Polygamy and The Handmaid’s Tale

I first remember hearing about Margaret Atwood’s The Handmaid’s Tale (1985) from my friend Valerie.  She mentioned it during a book club that we both belonged to, and I was intrigued by it.  However, it took me a few years to get to it.  I ended up reading Atwood’s The Blind Assassin (2000) first.  That’s an amazing book.  And once I got to The Handmaid’s Tale, I couldn’t put it down.  The Handmaid’s Tale is number 48 on the BBC book list.

the handmaid's tale cover
The story is of a dystopian and totalitarian Christian society.  Older men, already married to older women, use young women in order to bear their children.  It is a disturbing idea, and most disturbing is the scene in which we understand just how this arrangement works.  The handmaid lays face up on top of the wife, with the wife holding her, while the husband does his duty to make a child.  Truly bizarre.

Yet, it isn’t so bizarre.  It reminds me of the practice of polygamy, of which my church has a history (unfortunately).  It has long since been banned (thank goodness), but some splinter groups who call themselves fundamentalists, and other religions and groups, still practice polygamy.  Some claim it is god’s law or will.  Others claim that it is a wonderful arrangement for women in raising children together and doing domestic work together.  It seems in theory that this would alleviate some of the burdens of being a mother and wife.

However, the stark reality of the dysfunction of polygamy is presented in Escape (2007) by Carolyn Jessop.  She escaped from a fundamentalist polygamist sect in southern Utah, the one run by Warren Jeffs and in the news in the last few years for abuse and rape of underage girls.  Jessop was the fourth wife of one if the big wigs in the community.  She bore him eight children by the time she was 35 and her book recounts the horror of the situation.

escape cover
First of all, she was married off as soon as she turned 18; her husband was in his 50s.  She had no say about whom she would marry and no chance for love or dating.  This seems bad enough.  But she joined a family with other wives who were dominant, crazy, or had given up.  There were dozens upon dozens of children, and she was expected to care for them while the others went on trips with the husband.  As the years progressed, the abuse in the family became apparent.  One of the other wives constantly beat and berated the children, even the infants and toddlers.

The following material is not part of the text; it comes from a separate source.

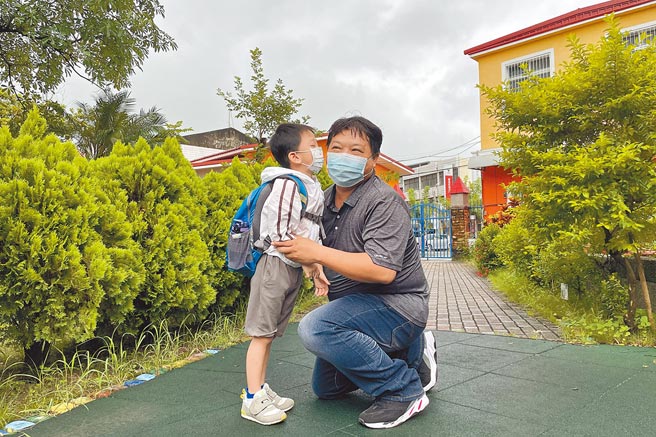 慢飞儿小明（化名）在父亲节前夕透过东港早疗中心的爱的传声筒向父亲表达爱意，惹哭不少人，他的进步与成长，有着满满的父爱。（谢佳潾摄）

The husband did nothing to stop it, restricted freedoms, and was controlling and abusive both emotionally and physically.  Carolyn did end up working, but was expected to turn over her paycheck to her husband each month.  She was an object and property.

It was a fascinating read, one that made me appreciate my own situation.  She lived such a strange life, and her escape from it is truly remarkable.  The book recounts such horrific details that I wouldn’t necessarily call the book “good,” but it is more like a train wreck that one cannot turn away from.

I saw a connection to Jessop’s memoir of the horrors of polygamy to The Handmaid’s Tale.  My biggest problem with polygamy and any situation in which women are used as pawns for children is the fact that it hurts both women and children.  The Handmaid’s Tale presents these same realities.  The women are objects for creating children rather than people.  They are denied their dignity and their ability to choose.

I would recommend Atwood’s books to anybody.  She is a fantastic Canadian author who has never disappointed me.